### [Work item]
Retype the records in full, keeping each character as it is.

=== Begin Enclosure ===

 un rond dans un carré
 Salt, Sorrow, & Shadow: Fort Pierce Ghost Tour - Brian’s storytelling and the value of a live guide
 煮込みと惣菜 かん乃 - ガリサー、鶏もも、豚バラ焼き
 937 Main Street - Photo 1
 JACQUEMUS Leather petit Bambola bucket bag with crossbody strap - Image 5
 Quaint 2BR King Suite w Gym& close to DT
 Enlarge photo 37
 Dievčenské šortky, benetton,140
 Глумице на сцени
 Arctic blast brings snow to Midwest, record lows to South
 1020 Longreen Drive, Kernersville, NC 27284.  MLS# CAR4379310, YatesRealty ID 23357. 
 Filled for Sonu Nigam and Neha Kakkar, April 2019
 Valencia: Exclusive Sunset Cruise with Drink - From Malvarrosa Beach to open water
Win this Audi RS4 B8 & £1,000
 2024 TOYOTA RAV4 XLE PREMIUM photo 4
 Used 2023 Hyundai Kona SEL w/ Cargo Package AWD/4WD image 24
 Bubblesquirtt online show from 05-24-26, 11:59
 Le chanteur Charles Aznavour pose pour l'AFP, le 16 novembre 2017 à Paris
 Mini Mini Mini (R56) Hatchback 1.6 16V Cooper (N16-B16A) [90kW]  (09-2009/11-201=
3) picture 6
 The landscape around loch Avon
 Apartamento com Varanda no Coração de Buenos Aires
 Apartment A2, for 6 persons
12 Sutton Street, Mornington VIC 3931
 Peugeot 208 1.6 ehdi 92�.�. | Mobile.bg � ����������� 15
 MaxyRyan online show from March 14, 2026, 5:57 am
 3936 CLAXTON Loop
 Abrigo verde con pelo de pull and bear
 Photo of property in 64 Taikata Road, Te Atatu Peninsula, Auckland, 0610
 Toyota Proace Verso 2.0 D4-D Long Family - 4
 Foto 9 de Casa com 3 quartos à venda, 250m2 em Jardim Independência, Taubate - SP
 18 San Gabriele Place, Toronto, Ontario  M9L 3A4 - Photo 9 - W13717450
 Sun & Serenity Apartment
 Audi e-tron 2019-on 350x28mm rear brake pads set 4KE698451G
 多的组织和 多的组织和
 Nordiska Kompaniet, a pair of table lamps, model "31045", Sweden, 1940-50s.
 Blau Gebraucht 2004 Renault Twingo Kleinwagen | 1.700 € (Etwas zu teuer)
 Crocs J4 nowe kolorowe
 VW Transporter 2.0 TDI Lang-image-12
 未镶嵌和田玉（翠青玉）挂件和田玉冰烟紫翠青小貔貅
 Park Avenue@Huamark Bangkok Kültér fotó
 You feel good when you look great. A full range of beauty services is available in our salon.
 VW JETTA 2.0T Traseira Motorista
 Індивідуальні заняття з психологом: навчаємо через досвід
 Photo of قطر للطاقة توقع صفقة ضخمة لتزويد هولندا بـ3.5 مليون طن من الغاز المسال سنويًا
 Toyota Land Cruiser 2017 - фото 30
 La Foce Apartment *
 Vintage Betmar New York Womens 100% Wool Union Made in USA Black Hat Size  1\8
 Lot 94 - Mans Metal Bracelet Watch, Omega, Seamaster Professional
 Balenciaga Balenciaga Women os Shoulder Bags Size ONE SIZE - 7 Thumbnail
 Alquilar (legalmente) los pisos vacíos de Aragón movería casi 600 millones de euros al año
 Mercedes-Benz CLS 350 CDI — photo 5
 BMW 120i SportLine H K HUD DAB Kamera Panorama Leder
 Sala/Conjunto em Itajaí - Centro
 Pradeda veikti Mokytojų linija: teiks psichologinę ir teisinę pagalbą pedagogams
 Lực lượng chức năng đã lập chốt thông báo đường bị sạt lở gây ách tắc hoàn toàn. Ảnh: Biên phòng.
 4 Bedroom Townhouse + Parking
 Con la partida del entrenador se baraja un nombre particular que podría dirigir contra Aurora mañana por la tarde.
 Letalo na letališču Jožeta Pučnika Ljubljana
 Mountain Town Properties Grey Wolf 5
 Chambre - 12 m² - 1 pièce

=== End Enclosure ===

### [Response]
 un rond dans un carré
 Salt, Sorrow, & Shadow: Fort Pierce Ghost Tour - Brian’s storytelling and the value of a live guide
 煮込みと惣菜 かん乃 - ガリサー、鶏もも、豚バラ焼き
 937 Main Street - Photo 1
 JACQUEMUS Leather petit Bambola bucket bag with crossbody strap - Image 5
 Quaint 2BR King Suite w Gym& close to DT
 Enlarge photo 37
 Dievčenské šortky, benetton,140
 Глумице на сцени
 Arctic blast brings snow to Midwest, record lows to South
 1020 Longreen Drive, Kernersville, NC 27284.  MLS# CAR4379310, YatesRealty ID 23357. 
 Filled for Sonu Nigam and Neha Kakkar, April 2019
 Valencia: Exclusive Sunset Cruise with Drink - From Malvarrosa Beach to open water
Win this Audi RS4 B8 & £1,000
 2024 TOYOTA RAV4 XLE PREMIUM photo 4
 Used 2023 Hyundai Kona SEL w/ Cargo Package AWD/4WD image 24
 Bubblesquirtt online show from 05-24-26, 11:59
 Le chanteur Charles Aznavour pose pour l'AFP, le 16 novembre 2017 à Paris
 Mini Mini Mini (R56) Hatchback 1.6 16V Cooper (N16-B16A) [90kW]  (09-2009/11-201=
3) picture 6
 The landscape around loch Avon
 Apartamento com Varanda no Coração de Buenos Aires
 Apartment A2, for 6 persons
12 Sutton Street, Mornington VIC 3931
 Peugeot 208 1.6 ehdi 92�.�. | Mobile.bg � ����������� 15
 MaxyRyan online show from March 14, 2026, 5:57 am
 3936 CLAXTON Loop
 Abrigo verde con pelo de pull and bear
 Photo of property in 64 Taikata Road, Te Atatu Peninsula, Auckland, 0610
 Toyota Proace Verso 2.0 D4-D Long Family - 4
 Foto 9 de Casa com 3 quartos à venda, 250m2 em Jardim Independência, Taubate - SP
 18 San Gabriele Place, Toronto, Ontario  M9L 3A4 - Photo 9 - W13717450
 Sun & Serenity Apartment
 Audi e-tron 2019-on 350x28mm rear brake pads set 4KE698451G
 多的组织和 多的组织和
 Nordiska Kompaniet, a pair of table lamps, model "31045", Sweden, 1940-50s.
 Blau Gebraucht 2004 Renault Twingo Kleinwagen | 1.700 € (Etwas zu teuer)
 Crocs J4 nowe kolorowe
 VW Transporter 2.0 TDI Lang-image-12
 未镶嵌和田玉（翠青玉）挂件和田玉冰烟紫翠青小貔貅
 Park Avenue@Huamark Bangkok Kültér fotó
 You feel good when you look great. A full range of beauty services is available in our salon.
 VW JETTA 2.0T Traseira Motorista
 Індивідуальні заняття з психологом: навчаємо через досвід
 Photo of قطر للطاقة توقع صفقة ضخمة لتزويد هولندا بـ3.5 مليون طن من الغاز المسال سنويًا
 Toyota Land Cruiser 2017 - фото 30
 La Foce Apartment *
 Vintage Betmar New York Womens 100% Wool Union Made in USA Black Hat Size  1\8
 Lot 94 - Mans Metal Bracelet Watch, Omega, Seamaster Professional
 Balenciaga Balenciaga Women os Shoulder Bags Size ONE SIZE - 7 Thumbnail
 Alquilar (legalmente) los pisos vacíos de Aragón movería casi 600 millones de euros al año
 Mercedes-Benz CLS 350 CDI — photo 5
 BMW 120i SportLine H K HUD DAB Kamera Panorama Leder
 Sala/Conjunto em Itajaí - Centro
 Pradeda veikti Mokytojų linija: teiks psichologinę ir teisinę pagalbą pedagogams
 Lực lượng chức năng đã lập chốt thông báo đường bị sạt lở gây ách tắc hoàn toàn. Ảnh: Biên phòng.
 4 Bedroom Townhouse + Parking
 Con la partida del entrenador se baraja un nombre particular que podría dirigir contra Aurora mañana por la tarde.
 Letalo na letališču Jožeta Pučnika Ljubljana
 Mountain Town Properties Grey Wolf 5
 Chambre - 12 m² - 1 pièce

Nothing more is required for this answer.